Talya wrote:
THe product is not entertainment. It is sensory perception, it is information, it is thought itself. It's nothing more, and nothing less.
As for it being theft; even wher it is illegal, the law disagrees. It is not theft. By dictionary definition, it is not theft.
As the USSC put it so bluntly in 1985 in Dowling vs. The United States:
Quote:
The phonorecords in question were not "stolen, converted or taken by fraud" for purposes of [section] 2314. The section's language clearly contemplates a physical identity between the items unlawfully obtained and those eventually transported, and hence some prior physical taking of the subject goods. Since the statutorily defined property rights of a copyright holder have a character distinct from the possessory interest of the owner of simple "goods, wares, [or] merchandise," interference with copyright does not easily equate with theft, conversion, or fraud. The infringer of a copyright does not assume physical control over the copyright nor wholly deprive its owner of its use.
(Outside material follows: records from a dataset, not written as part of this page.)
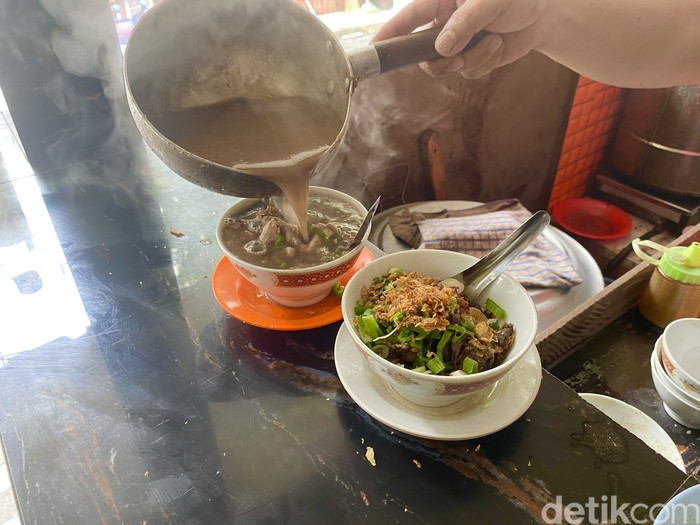 Coto Makassar Senen Syamsul Daeng Ngawing Coto Makassar Senen Syamsul Daeng Ngawing, berlokasi di Stasiun Pasar Senen. Tawarkan coto Makassar seharga Rp 30.000.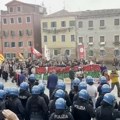 Otvaranje izložbe savremene umetnosti Venecijanskog bijenala obeleženo tenzijama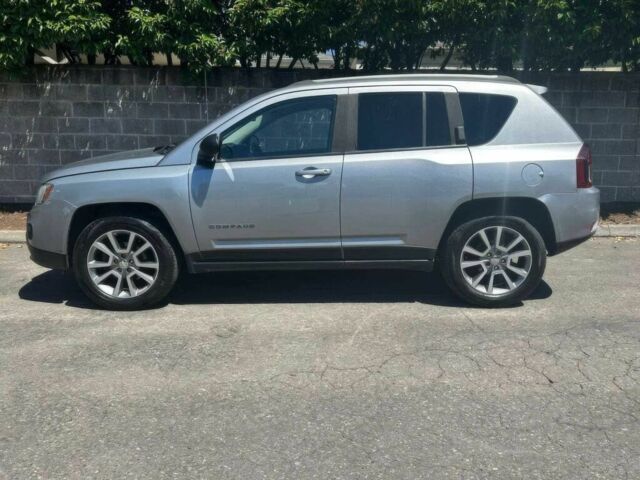 Серый Джип Компас, объемом двигателя 2.4 л и пробегом 73 тыс. км за 12800 $, фото 3 на Automoto.ua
Infringement implicates a more complex set of property interests than does run-of-the-mill theft, conversion, or fraud.
And nobody's disputing that, Talya.
However, the USSC quote you just provided does not rationalize infringement as a moral act.
It also does not unilaterally define it as a productive or profitable act for the copyright holder.
So you've successfully argued that A is not C. A is still wrong, and bad for the people who create and manage the dissemination of information as their livelihood.
Alternative distribution models, even ones that look very similar to A, may well be very profitable, especially in some circumstances. However, that does not change the fact that you are wrong to force A, which is not C (which is also wrong, and it might be argued
equally wrong), on the creator/owner of that information, nor does it rationalize your act of doing so.